- Assignment -
A verbatim reproduction of every entry is the expected answer.

Dataset entries:

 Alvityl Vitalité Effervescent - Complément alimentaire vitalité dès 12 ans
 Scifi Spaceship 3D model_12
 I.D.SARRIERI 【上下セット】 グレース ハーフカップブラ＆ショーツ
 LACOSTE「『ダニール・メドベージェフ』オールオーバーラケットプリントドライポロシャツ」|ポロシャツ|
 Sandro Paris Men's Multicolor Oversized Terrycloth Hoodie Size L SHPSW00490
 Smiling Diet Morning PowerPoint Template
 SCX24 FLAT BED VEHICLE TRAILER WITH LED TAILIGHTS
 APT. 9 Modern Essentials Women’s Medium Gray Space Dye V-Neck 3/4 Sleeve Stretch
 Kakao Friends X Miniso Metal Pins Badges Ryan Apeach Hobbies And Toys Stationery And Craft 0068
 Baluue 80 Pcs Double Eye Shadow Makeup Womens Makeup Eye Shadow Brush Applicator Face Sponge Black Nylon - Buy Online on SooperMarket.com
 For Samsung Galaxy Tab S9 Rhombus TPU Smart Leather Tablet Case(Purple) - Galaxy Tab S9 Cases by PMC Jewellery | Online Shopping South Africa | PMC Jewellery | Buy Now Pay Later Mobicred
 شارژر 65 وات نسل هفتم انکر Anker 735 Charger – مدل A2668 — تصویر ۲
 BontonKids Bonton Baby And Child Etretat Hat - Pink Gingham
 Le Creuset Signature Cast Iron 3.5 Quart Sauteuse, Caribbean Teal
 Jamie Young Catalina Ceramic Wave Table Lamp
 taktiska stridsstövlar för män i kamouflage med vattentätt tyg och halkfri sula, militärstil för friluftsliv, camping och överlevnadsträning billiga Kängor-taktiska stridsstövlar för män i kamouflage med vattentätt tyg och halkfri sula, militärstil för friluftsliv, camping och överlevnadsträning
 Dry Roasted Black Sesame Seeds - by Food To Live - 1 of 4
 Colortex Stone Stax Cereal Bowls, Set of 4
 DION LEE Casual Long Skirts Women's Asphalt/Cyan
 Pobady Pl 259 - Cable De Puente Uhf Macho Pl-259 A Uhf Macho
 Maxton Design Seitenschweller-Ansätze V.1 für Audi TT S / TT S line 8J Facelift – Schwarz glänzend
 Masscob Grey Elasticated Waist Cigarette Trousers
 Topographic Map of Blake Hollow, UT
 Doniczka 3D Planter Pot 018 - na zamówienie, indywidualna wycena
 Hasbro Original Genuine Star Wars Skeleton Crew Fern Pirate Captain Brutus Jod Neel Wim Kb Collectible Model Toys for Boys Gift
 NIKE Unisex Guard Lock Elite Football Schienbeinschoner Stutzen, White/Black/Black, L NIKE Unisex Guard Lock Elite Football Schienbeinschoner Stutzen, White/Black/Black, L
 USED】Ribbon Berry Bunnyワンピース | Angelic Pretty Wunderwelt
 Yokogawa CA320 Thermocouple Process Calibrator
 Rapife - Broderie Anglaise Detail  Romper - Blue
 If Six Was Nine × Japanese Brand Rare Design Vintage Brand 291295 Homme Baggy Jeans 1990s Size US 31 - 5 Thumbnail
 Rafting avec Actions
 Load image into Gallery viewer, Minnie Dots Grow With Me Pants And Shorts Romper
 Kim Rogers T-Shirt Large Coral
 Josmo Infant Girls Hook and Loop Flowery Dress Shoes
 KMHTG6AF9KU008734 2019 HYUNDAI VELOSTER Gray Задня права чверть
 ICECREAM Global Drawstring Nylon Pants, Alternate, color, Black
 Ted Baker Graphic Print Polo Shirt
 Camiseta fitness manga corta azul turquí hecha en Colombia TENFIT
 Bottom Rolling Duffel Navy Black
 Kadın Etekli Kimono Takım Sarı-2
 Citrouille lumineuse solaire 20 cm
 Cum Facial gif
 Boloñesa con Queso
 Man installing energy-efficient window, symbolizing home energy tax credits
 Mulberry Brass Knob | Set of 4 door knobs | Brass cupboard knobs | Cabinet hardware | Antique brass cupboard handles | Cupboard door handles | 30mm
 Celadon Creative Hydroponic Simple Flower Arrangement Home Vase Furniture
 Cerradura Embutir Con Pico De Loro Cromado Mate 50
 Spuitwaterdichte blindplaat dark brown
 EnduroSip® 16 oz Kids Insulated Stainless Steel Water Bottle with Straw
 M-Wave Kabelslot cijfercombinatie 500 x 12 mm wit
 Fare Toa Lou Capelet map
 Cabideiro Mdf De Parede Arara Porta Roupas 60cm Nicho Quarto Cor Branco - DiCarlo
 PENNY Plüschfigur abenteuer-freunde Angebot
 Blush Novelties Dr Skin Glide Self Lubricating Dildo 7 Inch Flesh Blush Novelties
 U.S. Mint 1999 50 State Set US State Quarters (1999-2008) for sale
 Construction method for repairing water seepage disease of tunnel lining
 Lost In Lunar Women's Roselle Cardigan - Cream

- Result below -
 Alvityl Vitalité Effervescent - Complément alimentaire vitalité dès 12 ans
 Scifi Spaceship 3D model_12
 I.D.SARRIERI 【上下セット】 グレース ハーフカップブラ＆ショーツ
 LACOSTE「『ダニール・メドベージェフ』オールオーバーラケットプリントドライポロシャツ」|ポロシャツ|
 Sandro Paris Men's Multicolor Oversized Terrycloth Hoodie Size L SHPSW00490
 Smiling Diet Morning PowerPoint Template
 SCX24 FLAT BED VEHICLE TRAILER WITH LED TAILIGHTS
 APT. 9 Modern Essentials Women’s Medium Gray Space Dye V-Neck 3/4 Sleeve Stretch
 Kakao Friends X Miniso Metal Pins Badges Ryan Apeach Hobbies And Toys Stationery And Craft 0068
 Baluue 80 Pcs Double Eye Shadow Makeup Womens Makeup Eye Shadow Brush Applicator Face Sponge Black Nylon - Buy Online on SooperMarket.com
 For Samsung Galaxy Tab S9 Rhombus TPU Smart Leather Tablet Case(Purple) - Galaxy Tab S9 Cases by PMC Jewellery | Online Shopping South Africa | PMC Jewellery | Buy Now Pay Later Mobicred
 شارژر 65 وات نسل هفتم انکر Anker 735 Charger – مدل A2668 — تصویر ۲
 BontonKids Bonton Baby And Child Etretat Hat - Pink Gingham
 Le Creuset Signature Cast Iron 3.5 Quart Sauteuse, Caribbean Teal
 Jamie Young Catalina Ceramic Wave Table Lamp
 taktiska stridsstövlar för män i kamouflage med vattentätt tyg och halkfri sula, militärstil för friluftsliv, camping och överlevnadsträning billiga Kängor-taktiska stridsstövlar för män i kamouflage med vattentätt tyg och halkfri sula, militärstil för friluftsliv, camping och överlevnadsträning
 Dry Roasted Black Sesame Seeds - by Food To Live - 1 of 4
 Colortex Stone Stax Cereal Bowls, Set of 4
 DION LEE Casual Long Skirts Women's Asphalt/Cyan
 Pobady Pl 259 - Cable De Puente Uhf Macho Pl-259 A Uhf Macho
 Maxton Design Seitenschweller-Ansätze V.1 für Audi TT S / TT S line 8J Facelift – Schwarz glänzend
 Masscob Grey Elasticated Waist Cigarette Trousers
 Topographic Map of Blake Hollow, UT
 Doniczka 3D Planter Pot 018 - na zamówienie, indywidualna wycena
 Hasbro Original Genuine Star Wars Skeleton Crew Fern Pirate Captain Brutus Jod Neel Wim Kb Collectible Model Toys for Boys Gift
 NIKE Unisex Guard Lock Elite Football Schienbeinschoner Stutzen, White/Black/Black, L NIKE Unisex Guard Lock Elite Football Schienbeinschoner Stutzen, White/Black/Black, L
 USED】Ribbon Berry Bunnyワンピース | Angelic Pretty Wunderwelt
 Yokogawa CA320 Thermocouple Process Calibrator
 Rapife - Broderie Anglaise Detail  Romper - Blue
 If Six Was Nine × Japanese Brand Rare Design Vintage Brand 291295 Homme Baggy Jeans 1990s Size US 31 - 5 Thumbnail
 Rafting avec Actions
 Load image into Gallery viewer, Minnie Dots Grow With Me Pants And Shorts Romper
 Kim Rogers T-Shirt Large Coral
 Josmo Infant Girls Hook and Loop Flowery Dress Shoes
 KMHTG6AF9KU008734 2019 HYUNDAI VELOSTER Gray Задня права чверть
 ICECREAM Global Drawstring Nylon Pants, Alternate, color, Black
 Ted Baker Graphic Print Polo Shirt
 Camiseta fitness manga corta azul turquí hecha en Colombia TENFIT
 Bottom Rolling Duffel Navy Black
 Kadın Etekli Kimono Takım Sarı-2
 Citrouille lumineuse solaire 20 cm
 Cum Facial gif
 Boloñesa con Queso
 Man installing energy-efficient window, symbolizing home energy tax credits
 Mulberry Brass Knob | Set of 4 door knobs | Brass cupboard knobs | Cabinet hardware | Antique brass cupboard handles | Cupboard door handles | 30mm
 Celadon Creative Hydroponic Simple Flower Arrangement Home Vase Furniture
 Cerradura Embutir Con Pico De Loro Cromado Mate 50
 Spuitwaterdichte blindplaat dark brown
 EnduroSip® 16 oz Kids Insulated Stainless Steel Water Bottle with Straw
 M-Wave Kabelslot cijfercombinatie 500 x 12 mm wit
 Fare Toa Lou Capelet map
 Cabideiro Mdf De Parede Arara Porta Roupas 60cm Nicho Quarto Cor Branco - DiCarlo
 PENNY Plüschfigur abenteuer-freunde Angebot
 Blush Novelties Dr Skin Glide Self Lubricating Dildo 7 Inch Flesh Blush Novelties
 U.S. Mint 1999 50 State Set US State Quarters (1999-2008) for sale
 Construction method for repairing water seepage disease of tunnel lining
 Lost In Lunar Women's Roselle Cardigan - Cream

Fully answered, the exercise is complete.